Rebels with a cause taking on Wexford made summer 2003 pure hurling magic

Rebels with a cause taking on Wexford made summer 2003 pure hurling magic
Setanta Ó hAilpín leaves Wexford players in his wake at Croke Park in 2003. Picture: Eddie O'Hare

WHAT a summer it was. 

Joe Deane, Diarmuid O'Sullivan and Seán Óg hurling like it was 1999 again. Setanta, Ronan Curran and John Gardiner swaggering across Semple Stadium and then Croke Park. Donal Óg Cusack moving from the bitterness of the strike the previous winter to leading the rebellious Rebels all the way to September.  

Diarmuid O'Sullivan battling Larry Murphy. Picture: Damien Eagers/SPORTSFILE
Diarmuid O'Sullivan battling Larry Murphy. Picture: Damien Eagers/SPORTSFILE

Before they could form that Frazier-Ali dynamic with Kilkenny, they had to get past Wexford. There was a romantic connection between the counties, harking back to the 1950s when the Rackards halted Christy Ring's bid for a ninth All-Ireland, Cork's three-in-a-row team of the '70s and a league final trilogy in 1993.  

In August 2003, it ended Cork 2-20 Wexford 3-17, a game every bit as sensational as the scoreline suggests. Their most dramatic championship collision. 
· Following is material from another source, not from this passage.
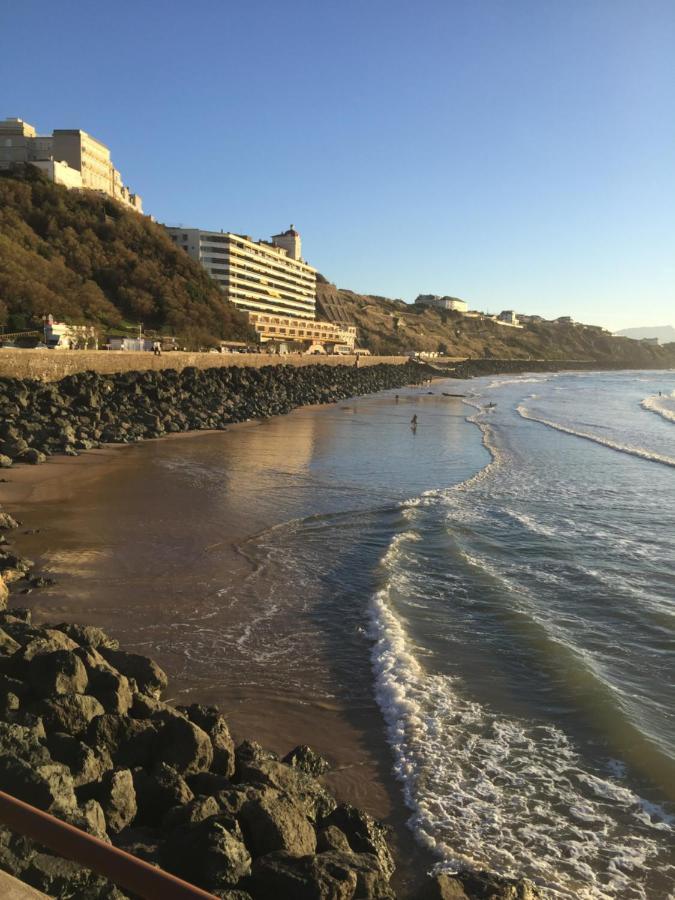 Charmant T2 Biarritz Centre Bagian luar foto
Veteran midfielder Rory McCarthy's last-gasp goal stole a draw for the underdogs on that scorching day at a heaving Croke Park. Yet Donal O'Grady's side were in trouble for long spells, which meant few quibbled with the result after a thriller with 10 clear-cut goal chances. 

Now available from the GAA on YouTube, the encounter holds up as one of the great All-Ireland semi-finals. With the lockdown, you'll have plenty of time to check it out. A warning though, it'll make you wonder what might have been if Aussie Rules didn't lure away Setanta.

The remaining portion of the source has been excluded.